• [What you will do]: Copy every entry exactly as it reads and exclude whatever pictures appear.
==== Information
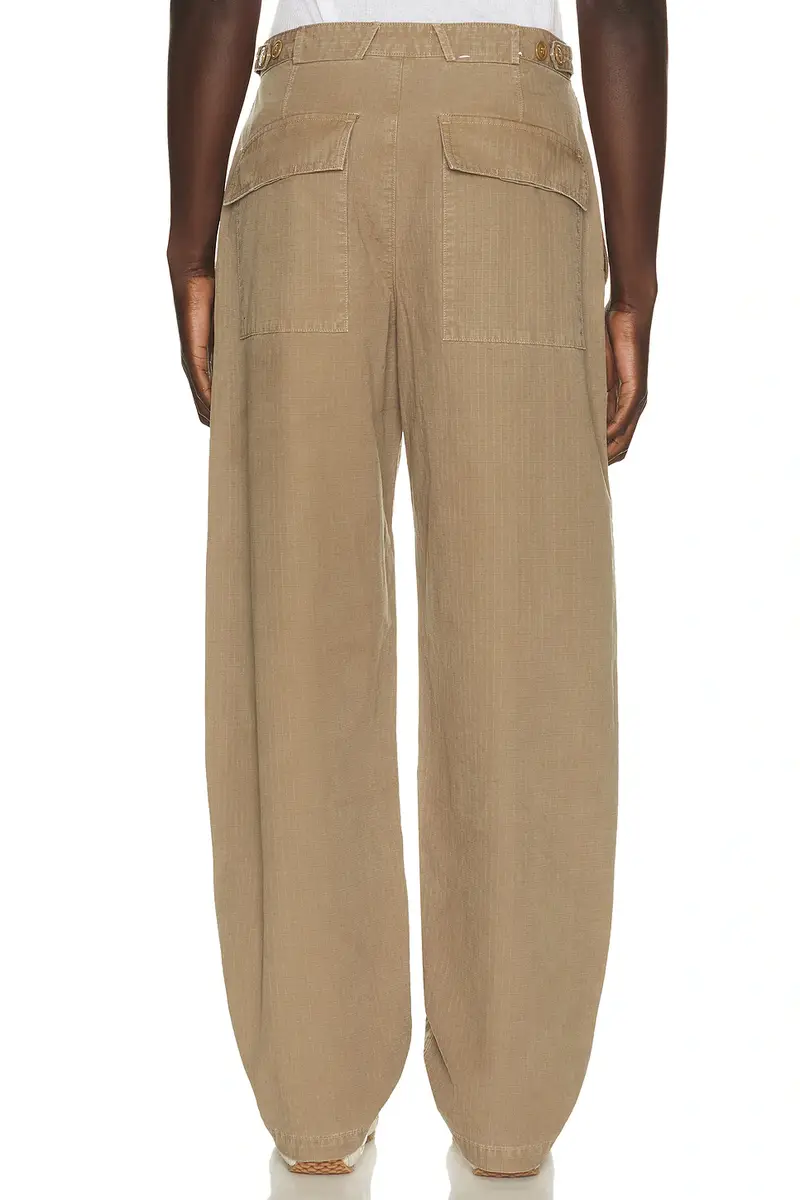 AGOLDE Donohue Pant | Thumbnail 3
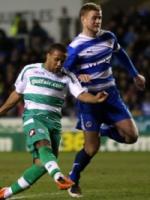 When QPR overcame Andy Hall and Reading in four-star style - history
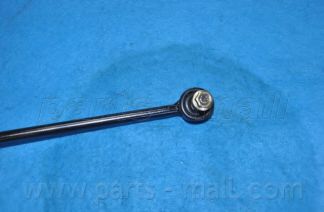 Тяга / стійка стабілізатора PARTS-MALL PXCLB-025-S - Фото 3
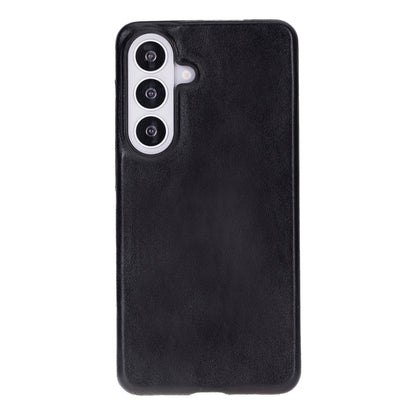 Ultimate Jacket Samsung Galaxy S26 Plus Leather Case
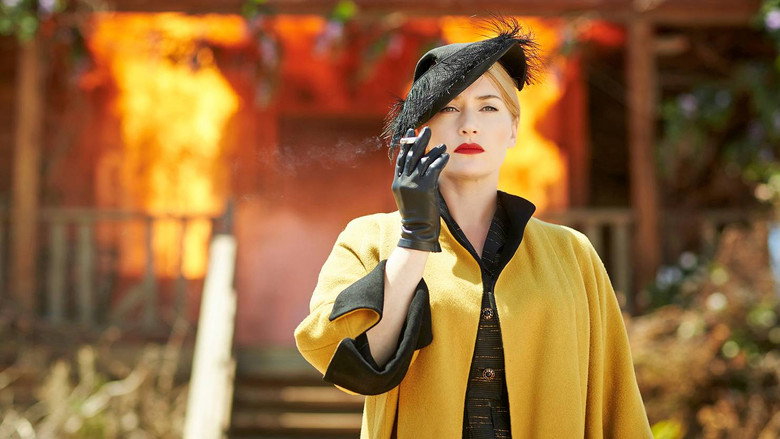 The Dressmaker still 2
========
• [Answer box]:
 AGOLDE Donohue Pant | Thumbnail 3
 When QPR overcame Andy Hall and Reading in four-star style - history
 Тяга / стійка стабілізатора PARTS-MALL PXCLB-025-S - Фото 3
 Ultimate Jacket Samsung Galaxy S26 Plus Leather Case
 The Dressmaker still 2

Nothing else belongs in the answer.